The algorithm places n points, of which the kth point is put at distance sqrt(k-1/2) from the boundary (index begins with k=1), and with polar angle 2*pi*k/phi^2 where phi is the golden ratio. Exception: the last alpha*sqrt(n) points are placed on the outer boundary of the circle, and the polar radius of other points is scaled to account for that. This computation of the polar radius is done in the function radius.
It is coded in MATLAB.
function sunflower(n, alpha) % example: n=500, alpha=2
clf
hold on
b = round(alpha*sqrt(n)); % number of boundary points
phi = (sqrt(5)+1)/2; % golden ratio
for k=1:n
r = radius(k,n,b);
theta = 2*pi*k/phi^2;
plot(r*cos(theta), r*sin(theta), 'r*');
end
end
function r = radius(k,n,b)
if k>n-b
r = 1; % put on the boundary
else
r = sqrt(k-1/2)/sqrt(n-(b+1)/2); % apply square root
end
end
Might as well tag on my Python translation.

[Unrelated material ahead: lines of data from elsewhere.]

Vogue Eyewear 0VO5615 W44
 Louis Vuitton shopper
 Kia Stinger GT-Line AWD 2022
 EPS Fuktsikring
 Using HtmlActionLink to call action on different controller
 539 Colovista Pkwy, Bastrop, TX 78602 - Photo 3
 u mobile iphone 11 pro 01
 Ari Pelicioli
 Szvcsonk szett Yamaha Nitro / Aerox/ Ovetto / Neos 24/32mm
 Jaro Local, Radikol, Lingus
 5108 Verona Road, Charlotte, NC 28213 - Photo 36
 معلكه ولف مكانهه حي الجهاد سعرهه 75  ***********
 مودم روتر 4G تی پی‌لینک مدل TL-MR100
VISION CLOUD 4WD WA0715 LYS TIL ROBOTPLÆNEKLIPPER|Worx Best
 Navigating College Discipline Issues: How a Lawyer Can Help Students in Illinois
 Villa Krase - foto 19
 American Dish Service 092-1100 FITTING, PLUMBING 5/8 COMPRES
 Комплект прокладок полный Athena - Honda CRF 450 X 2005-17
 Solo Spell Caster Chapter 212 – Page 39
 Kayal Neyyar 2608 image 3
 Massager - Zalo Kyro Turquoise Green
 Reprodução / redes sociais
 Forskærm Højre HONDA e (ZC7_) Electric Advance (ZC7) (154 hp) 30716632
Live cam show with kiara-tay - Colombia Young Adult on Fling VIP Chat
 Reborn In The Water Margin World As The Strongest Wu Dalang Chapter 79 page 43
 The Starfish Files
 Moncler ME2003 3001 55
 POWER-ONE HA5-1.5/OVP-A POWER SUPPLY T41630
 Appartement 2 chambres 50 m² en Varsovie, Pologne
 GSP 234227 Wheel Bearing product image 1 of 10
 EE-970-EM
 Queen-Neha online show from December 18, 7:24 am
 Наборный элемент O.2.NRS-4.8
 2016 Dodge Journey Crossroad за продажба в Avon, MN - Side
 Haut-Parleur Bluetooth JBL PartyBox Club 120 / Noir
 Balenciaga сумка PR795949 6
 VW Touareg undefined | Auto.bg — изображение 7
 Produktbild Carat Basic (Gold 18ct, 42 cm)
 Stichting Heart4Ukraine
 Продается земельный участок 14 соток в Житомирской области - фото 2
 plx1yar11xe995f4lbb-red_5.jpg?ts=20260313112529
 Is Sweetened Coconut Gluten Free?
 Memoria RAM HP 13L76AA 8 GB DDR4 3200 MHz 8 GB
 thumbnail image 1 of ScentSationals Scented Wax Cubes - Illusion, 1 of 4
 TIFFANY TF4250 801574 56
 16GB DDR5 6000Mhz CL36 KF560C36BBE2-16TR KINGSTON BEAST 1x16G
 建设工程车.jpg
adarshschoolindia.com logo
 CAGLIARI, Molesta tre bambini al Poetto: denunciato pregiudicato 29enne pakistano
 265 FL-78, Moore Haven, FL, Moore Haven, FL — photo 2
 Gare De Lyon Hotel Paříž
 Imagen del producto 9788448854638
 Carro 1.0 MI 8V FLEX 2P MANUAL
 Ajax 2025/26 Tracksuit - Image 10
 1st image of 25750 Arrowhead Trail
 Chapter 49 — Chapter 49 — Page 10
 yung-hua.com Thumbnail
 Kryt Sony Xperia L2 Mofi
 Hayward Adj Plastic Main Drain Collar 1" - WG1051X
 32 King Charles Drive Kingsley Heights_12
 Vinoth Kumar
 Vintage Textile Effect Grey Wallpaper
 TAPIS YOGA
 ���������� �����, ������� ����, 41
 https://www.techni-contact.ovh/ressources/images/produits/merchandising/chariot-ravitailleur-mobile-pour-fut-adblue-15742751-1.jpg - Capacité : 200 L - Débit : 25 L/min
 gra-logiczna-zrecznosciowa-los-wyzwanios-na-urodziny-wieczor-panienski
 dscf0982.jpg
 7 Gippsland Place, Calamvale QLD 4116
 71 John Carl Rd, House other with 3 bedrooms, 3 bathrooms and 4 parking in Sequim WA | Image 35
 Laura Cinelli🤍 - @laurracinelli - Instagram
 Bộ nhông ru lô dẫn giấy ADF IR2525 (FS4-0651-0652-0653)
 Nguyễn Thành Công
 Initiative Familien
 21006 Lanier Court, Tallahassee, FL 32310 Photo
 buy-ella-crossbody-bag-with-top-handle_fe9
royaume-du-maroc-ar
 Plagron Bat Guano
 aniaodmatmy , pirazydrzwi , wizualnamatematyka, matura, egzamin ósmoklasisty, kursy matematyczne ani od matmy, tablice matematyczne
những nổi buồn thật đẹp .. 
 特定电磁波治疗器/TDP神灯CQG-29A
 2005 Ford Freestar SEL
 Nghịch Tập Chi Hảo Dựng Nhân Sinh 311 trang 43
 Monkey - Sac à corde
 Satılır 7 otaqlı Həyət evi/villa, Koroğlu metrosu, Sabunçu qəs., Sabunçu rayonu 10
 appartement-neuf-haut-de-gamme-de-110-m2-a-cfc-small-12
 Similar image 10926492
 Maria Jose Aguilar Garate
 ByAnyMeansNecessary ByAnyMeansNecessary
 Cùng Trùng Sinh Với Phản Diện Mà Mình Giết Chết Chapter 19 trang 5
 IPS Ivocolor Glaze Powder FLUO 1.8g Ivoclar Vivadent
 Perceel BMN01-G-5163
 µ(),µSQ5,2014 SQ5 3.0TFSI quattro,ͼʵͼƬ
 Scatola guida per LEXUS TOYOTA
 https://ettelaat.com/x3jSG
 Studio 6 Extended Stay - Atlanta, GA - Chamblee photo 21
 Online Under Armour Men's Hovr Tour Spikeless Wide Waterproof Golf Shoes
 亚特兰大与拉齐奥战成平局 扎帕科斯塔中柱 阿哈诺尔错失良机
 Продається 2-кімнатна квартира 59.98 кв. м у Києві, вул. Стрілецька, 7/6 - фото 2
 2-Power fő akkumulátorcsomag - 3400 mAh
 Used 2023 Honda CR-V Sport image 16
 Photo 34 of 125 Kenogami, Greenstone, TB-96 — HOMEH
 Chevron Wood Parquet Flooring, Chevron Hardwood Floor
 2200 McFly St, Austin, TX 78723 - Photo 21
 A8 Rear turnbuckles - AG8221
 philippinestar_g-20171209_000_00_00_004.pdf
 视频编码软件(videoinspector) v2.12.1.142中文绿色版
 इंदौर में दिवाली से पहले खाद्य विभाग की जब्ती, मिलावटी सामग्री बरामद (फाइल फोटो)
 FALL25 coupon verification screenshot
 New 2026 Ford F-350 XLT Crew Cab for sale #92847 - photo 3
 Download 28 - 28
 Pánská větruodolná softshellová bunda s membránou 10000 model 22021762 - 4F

from math import sqrt, sin, cos, pi
phi = (1 + sqrt(5)) / 2 # golden ratio
def sunflower(n, alpha=0, geodesic=False):
points = []
angle_stride = 360 * phi if geodesic else 2 * pi / phi ** 2
b = round(alpha * sqrt(n)) # number of boundary points
for k in range(1, n + 1):
r = radius(k, n, b)
theta = k * angle_stride
points.append((r * cos(theta), r * sin(theta)))
return points
def radius(k, n, b):
if k > n - b:
return 1.0
else:
return sqrt(k - 0.5) / sqrt(n - (b + 1) / 2)
# example
if __name__ == '__main__':
import matplotlib.pyplot as plt
fig, ax = plt.subplots()
points = sunflower(500, alpha=2, geodesic=False)
xs = [point[0] for point in points]
ys = [point[1] for point in points]
ax.scatter(xs, ys)
ax.set_aspect('equal') # display as square plot with equal axes
plt.show()
Stumbled across this question and the answer above (so all cred to user3717023 & Matt).
Just adding my translation into R here, in case someone else needed that :)
library(tibble)
library(dplyr)
library(ggplot2)
sunflower <- function(n, alpha = 2, geometry = c('planar','geodesic')) {
b <- round(alpha*sqrt(n)) # number of boundary points
phi <- (sqrt(5)+1)/2 # golden ratio
r <- radius(1:n,n,b)
theta <- 1:n * ifelse(geometry[1] == 'geodesic', 360*phi, 2*pi/phi^2)
tibble(
x = r*cos(theta),
y = r*sin(theta)
)
}
radius <- function(k,n,b) {
ifelse(
k > n-b,
1,
sqrt(k-1/2)/sqrt(n-(b+1)/2)
)
}
# example:
sunflower(500, 2, 'planar') %>%
ggplot(aes(x,y)) +
geom_point()
Building on top of #OlivelsAWord , here is a Python implementation using numpy:
import numpy as np
import matplotlib.pyplot as plt
def sunflower(n: int, alpha: float) -> np.ndarray:
# Number of points respectively on the boundary and inside the cirlce.
n_exterior = np.round(alpha * np.sqrt(n)).astype(int)
n_interior = n - n_exterior
# Ensure there are still some points in the inside...
if n_interior < 1:
raise RuntimeError(f"Parameter 'alpha' is too large ({alpha}), all "
f"points would end-up on the boundary.")
# Generate the angles. The factor k_theta corresponds to 2*pi/phi^2.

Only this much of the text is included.